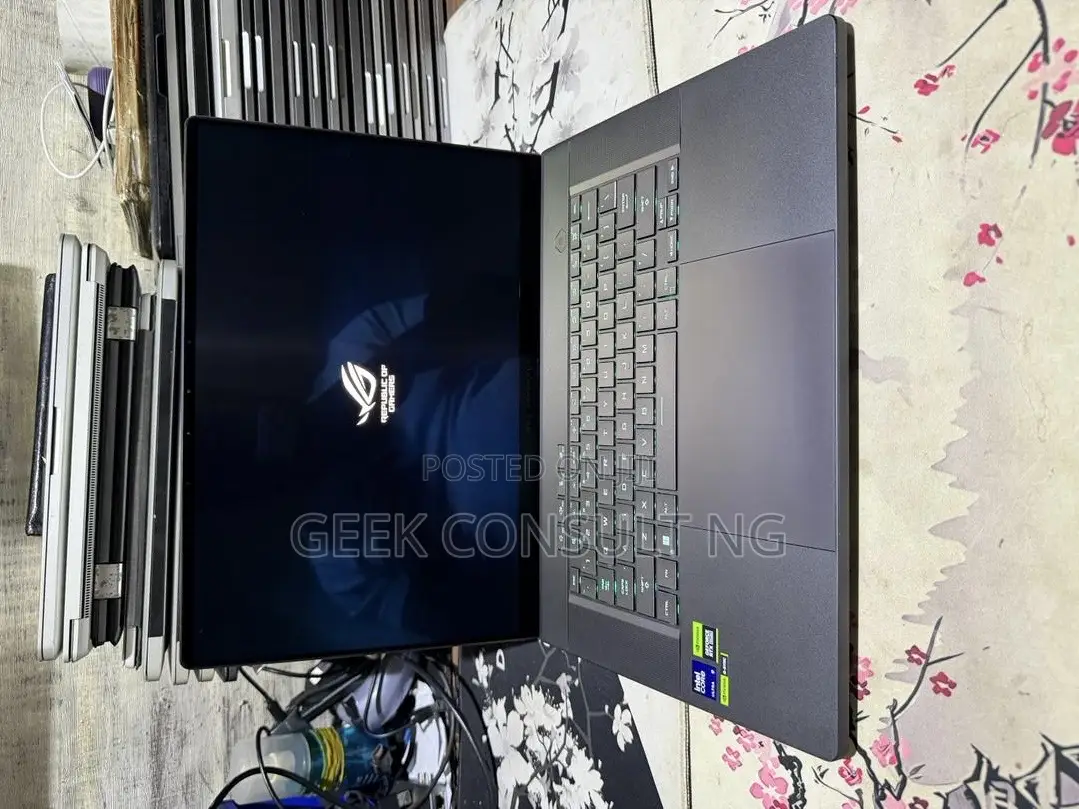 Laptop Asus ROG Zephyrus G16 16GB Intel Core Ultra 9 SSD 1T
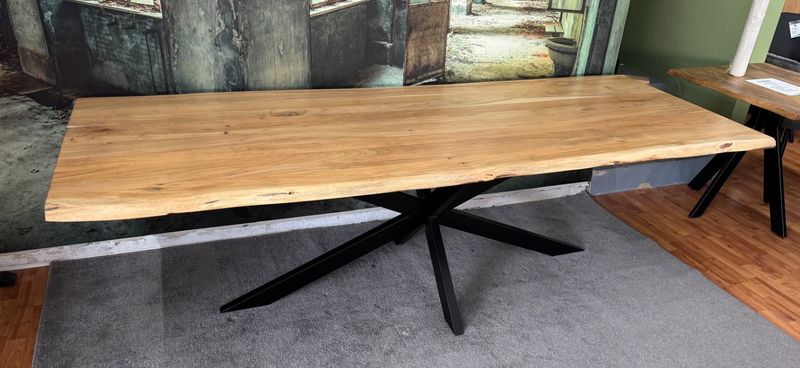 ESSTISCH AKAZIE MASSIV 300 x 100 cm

==

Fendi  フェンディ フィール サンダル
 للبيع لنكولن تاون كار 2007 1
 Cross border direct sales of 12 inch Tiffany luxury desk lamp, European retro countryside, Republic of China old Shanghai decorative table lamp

* * *

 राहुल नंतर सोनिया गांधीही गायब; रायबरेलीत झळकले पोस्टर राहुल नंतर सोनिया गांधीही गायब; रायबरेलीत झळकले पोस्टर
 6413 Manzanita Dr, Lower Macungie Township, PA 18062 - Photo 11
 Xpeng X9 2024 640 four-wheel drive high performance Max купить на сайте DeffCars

◆ **Aim of the exercise**: Everything above from the line containing "Laptop Asus ROG" down to the line containing "ESSTISCH AKAZIE MASSIV 300 x 100 cm" is to be duplicated exactly, both lines included, and the pictures are to be omitted.

◆ **Problem solution**:
 Laptop Asus ROG Zephyrus G16 16GB Intel Core Ultra 9 SSD 1T
 ESSTISCH AKAZIE MASSIV 300 x 100 cm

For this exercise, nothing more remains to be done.